It was a British army house and overlooks the landscape over which much of the Battle of the Boyne was fought. Newgrange is also visible.

When Farrell making his way back to Slane refers to the Boyne – “Finally I could see it . . . as it broke out free from the green and swung on into the valley. It seemed to welcome me home.” – the actor has a view of the river through the library window.

British military connection

Rossnaree’s owner, Aisling Stuart, recalls how her late husband Robert Law was inspired by stories told to him in that same library by his grandfather, who had been a British officer in the first World War. Law’s father saw action as an officer in the second World War.

In spite of the British military connection, the Law family always had a strong interest in Irish history and the Irish language, and a portrait of Maud Gonne, Stuart’s great-grandmother hangs in the library.

Layers of Irish history and references to places in Meath are present throughout the play, although it is a tale of doomed romances. Apolitical Farrell – “bred for emigration” – is in love with Josie, who is in turn besotted by a local poet, Mikey Lowry, who chooses politician John Redmond over her “and joined the wrong army”.
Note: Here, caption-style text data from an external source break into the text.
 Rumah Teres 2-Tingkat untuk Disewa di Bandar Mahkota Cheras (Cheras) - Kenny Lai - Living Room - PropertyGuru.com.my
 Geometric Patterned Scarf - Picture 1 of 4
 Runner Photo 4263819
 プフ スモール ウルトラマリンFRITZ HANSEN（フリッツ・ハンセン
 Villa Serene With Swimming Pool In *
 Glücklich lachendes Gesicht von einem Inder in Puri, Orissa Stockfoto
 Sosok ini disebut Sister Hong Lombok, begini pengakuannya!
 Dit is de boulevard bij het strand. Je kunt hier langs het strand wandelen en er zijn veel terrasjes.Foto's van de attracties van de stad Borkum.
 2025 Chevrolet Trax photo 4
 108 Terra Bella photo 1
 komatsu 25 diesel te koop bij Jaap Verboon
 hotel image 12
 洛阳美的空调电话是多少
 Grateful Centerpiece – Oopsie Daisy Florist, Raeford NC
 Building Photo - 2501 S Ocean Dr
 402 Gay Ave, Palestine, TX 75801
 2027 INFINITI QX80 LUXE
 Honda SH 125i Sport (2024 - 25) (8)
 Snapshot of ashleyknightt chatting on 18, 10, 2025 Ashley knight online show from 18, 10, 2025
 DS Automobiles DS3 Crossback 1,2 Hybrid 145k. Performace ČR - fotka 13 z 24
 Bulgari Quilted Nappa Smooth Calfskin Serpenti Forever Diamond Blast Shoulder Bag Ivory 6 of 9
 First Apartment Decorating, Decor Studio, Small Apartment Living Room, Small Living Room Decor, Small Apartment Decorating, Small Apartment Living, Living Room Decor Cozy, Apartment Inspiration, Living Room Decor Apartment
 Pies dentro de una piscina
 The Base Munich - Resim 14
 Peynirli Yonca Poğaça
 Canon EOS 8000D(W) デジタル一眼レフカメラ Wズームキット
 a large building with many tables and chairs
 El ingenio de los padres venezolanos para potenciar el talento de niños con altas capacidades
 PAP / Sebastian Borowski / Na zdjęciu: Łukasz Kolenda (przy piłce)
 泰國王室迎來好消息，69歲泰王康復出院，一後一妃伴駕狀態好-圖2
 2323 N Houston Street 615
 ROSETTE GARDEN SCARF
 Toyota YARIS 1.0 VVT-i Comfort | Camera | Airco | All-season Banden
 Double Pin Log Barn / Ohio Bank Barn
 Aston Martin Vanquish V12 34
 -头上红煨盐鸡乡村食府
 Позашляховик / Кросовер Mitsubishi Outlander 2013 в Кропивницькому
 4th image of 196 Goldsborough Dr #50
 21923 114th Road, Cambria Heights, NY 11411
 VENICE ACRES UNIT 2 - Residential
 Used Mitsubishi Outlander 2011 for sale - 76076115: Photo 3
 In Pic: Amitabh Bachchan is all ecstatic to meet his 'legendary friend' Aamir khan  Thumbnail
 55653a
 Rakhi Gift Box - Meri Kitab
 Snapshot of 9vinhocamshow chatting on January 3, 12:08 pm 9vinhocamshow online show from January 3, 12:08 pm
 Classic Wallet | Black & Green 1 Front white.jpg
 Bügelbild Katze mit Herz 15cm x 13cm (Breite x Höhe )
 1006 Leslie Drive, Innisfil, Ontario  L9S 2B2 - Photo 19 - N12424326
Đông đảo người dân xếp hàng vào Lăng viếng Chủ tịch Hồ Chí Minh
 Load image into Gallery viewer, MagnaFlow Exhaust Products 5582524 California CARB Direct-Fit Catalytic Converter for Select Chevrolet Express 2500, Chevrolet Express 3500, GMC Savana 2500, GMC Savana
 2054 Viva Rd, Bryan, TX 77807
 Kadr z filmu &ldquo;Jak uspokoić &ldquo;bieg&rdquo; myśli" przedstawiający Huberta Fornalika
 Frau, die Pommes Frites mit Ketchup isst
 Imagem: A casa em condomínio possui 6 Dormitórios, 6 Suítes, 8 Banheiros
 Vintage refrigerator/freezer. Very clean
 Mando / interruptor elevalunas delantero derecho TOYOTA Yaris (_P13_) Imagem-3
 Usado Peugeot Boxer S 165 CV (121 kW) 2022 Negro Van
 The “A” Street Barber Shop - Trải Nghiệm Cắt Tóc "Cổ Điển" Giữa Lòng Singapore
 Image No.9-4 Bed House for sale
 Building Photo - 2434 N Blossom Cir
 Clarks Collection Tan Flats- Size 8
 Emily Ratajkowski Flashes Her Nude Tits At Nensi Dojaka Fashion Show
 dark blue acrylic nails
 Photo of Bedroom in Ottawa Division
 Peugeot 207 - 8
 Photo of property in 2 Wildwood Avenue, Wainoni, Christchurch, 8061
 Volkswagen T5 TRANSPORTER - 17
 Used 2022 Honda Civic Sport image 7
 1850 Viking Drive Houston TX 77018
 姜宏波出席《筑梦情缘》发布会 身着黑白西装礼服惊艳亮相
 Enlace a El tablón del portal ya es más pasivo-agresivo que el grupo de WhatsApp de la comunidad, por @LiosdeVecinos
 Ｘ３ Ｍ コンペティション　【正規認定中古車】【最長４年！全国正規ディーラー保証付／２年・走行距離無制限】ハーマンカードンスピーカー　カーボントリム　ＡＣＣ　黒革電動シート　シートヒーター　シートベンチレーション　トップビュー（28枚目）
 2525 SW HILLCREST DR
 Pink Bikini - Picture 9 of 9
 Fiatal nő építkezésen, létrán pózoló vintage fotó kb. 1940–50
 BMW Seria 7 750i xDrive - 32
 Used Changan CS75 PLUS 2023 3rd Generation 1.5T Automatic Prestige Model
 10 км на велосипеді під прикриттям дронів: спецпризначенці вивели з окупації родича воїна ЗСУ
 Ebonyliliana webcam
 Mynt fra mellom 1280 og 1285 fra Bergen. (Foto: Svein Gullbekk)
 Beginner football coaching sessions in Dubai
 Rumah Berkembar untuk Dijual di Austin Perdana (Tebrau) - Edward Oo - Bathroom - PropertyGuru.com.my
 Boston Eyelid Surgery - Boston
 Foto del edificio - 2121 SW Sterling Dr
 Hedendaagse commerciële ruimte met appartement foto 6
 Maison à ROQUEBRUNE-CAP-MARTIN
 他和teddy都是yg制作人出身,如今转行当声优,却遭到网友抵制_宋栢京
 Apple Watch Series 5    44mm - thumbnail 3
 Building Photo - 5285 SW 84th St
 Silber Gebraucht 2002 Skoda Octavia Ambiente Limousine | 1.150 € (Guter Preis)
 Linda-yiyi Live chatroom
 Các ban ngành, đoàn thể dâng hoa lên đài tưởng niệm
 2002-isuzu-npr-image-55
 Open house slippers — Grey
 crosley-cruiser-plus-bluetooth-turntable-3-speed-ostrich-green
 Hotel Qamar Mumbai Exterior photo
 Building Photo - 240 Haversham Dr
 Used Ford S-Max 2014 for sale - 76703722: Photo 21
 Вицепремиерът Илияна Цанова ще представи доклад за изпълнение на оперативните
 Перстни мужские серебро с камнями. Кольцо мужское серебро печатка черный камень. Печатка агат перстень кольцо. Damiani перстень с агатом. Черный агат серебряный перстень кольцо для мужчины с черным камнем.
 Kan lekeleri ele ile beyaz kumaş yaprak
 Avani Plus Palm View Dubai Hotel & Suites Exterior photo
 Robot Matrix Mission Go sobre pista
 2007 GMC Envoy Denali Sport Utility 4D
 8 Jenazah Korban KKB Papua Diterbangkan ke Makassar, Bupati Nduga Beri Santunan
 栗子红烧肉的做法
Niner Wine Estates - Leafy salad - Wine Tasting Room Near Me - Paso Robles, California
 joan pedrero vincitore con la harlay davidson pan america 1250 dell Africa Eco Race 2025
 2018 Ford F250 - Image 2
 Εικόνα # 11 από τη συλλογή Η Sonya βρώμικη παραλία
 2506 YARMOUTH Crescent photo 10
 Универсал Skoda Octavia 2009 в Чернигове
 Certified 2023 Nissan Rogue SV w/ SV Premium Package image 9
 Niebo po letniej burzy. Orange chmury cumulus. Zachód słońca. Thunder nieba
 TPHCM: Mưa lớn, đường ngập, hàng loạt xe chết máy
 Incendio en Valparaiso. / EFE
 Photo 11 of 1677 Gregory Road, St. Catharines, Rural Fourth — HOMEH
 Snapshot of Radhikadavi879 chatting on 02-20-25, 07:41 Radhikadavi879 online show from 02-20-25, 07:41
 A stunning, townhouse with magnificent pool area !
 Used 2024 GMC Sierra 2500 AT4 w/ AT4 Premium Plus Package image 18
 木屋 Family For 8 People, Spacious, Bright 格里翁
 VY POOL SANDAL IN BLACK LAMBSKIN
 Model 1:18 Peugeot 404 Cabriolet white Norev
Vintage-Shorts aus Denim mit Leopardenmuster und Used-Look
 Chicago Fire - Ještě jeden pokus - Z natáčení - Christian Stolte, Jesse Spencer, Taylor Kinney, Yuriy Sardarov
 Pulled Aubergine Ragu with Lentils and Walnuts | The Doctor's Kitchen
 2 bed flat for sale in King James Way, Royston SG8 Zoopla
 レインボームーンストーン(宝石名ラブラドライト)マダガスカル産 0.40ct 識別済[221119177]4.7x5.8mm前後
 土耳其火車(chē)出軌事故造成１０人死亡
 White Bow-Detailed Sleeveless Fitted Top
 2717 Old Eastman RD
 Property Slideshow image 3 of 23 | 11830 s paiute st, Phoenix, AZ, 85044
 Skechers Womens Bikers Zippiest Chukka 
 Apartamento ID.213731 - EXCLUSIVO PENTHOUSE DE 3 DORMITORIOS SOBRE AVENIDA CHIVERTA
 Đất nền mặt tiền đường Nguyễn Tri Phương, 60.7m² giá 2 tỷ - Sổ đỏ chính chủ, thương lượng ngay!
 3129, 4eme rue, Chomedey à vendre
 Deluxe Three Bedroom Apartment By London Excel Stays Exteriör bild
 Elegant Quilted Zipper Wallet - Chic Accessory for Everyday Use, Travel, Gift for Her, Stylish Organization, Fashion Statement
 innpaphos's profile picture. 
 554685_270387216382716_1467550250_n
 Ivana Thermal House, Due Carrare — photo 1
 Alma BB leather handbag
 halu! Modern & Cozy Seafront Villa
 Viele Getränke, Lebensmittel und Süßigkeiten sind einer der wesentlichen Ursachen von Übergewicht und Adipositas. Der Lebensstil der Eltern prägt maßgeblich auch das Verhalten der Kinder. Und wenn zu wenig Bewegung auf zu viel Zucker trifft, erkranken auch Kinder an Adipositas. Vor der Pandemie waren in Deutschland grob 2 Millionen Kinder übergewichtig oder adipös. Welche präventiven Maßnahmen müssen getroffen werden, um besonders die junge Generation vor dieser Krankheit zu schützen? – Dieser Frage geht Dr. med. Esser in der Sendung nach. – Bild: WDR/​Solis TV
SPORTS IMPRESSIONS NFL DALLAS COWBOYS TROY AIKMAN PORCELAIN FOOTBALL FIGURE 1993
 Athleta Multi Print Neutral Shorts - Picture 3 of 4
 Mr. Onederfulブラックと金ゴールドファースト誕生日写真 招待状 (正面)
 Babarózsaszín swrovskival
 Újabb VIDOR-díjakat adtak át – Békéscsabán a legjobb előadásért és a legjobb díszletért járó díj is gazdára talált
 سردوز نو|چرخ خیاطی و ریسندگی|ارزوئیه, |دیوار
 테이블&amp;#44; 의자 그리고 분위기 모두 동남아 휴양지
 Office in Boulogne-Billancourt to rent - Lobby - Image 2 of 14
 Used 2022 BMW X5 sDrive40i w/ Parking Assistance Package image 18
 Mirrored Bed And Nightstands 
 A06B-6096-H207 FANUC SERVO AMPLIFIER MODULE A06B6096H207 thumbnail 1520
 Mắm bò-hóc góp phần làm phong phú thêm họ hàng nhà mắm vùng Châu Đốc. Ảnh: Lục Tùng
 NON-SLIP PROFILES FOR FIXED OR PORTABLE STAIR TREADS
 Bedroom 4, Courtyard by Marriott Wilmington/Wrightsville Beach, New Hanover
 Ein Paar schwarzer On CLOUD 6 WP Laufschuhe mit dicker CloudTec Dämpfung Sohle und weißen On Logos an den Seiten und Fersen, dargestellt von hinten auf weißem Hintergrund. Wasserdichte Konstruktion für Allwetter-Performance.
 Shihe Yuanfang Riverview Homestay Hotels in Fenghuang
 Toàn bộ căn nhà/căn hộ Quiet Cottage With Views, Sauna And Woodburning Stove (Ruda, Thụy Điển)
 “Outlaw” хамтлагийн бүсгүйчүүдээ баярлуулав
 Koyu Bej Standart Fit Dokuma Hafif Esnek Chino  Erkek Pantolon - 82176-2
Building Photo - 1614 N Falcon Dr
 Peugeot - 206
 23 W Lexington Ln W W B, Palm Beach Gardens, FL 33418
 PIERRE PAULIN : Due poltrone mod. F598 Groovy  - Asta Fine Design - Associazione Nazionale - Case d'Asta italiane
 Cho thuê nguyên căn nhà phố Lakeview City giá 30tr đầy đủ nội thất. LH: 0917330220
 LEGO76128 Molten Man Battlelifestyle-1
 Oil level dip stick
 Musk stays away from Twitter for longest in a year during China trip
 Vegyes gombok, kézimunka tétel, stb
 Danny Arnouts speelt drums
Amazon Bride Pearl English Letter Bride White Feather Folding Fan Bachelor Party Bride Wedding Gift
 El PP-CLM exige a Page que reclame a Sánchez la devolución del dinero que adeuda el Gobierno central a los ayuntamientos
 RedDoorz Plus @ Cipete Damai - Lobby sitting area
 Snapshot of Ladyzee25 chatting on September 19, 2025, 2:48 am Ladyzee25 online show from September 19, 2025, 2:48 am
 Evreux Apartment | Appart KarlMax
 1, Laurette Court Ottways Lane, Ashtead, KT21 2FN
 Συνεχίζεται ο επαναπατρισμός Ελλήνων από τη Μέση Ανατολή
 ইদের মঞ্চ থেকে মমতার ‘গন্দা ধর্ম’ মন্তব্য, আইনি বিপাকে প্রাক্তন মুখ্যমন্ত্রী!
It is about cultural identity and a dawning belief that change is possible. It also highlights the role of women activists who were becoming involved on many levels, including risking arrest by distributing anti-recruitment leaflets on the streets of Dublin.

Young Josie Dunne, the granddaughter of an old Fenian, quickly moves on from Irish dancing and embracing the Irish language, which had begun thanks to a zealous schoolteacher from Kilberry, mid way between Slane and Kells.

Home Rule

Annie Hennessy is a revolutionary. “And she’d argue as well as any of them,” says Dunne, explaining that Miss Hennessy never swallowed any of the promises made about the granting of Home Rule. “She said Carson and the Ulster Volunteers would see us all in hell first.” Cultural events were hosted in Slane by Mrs Healy who “would serve lemonade to anyone who could say their name in Irish”.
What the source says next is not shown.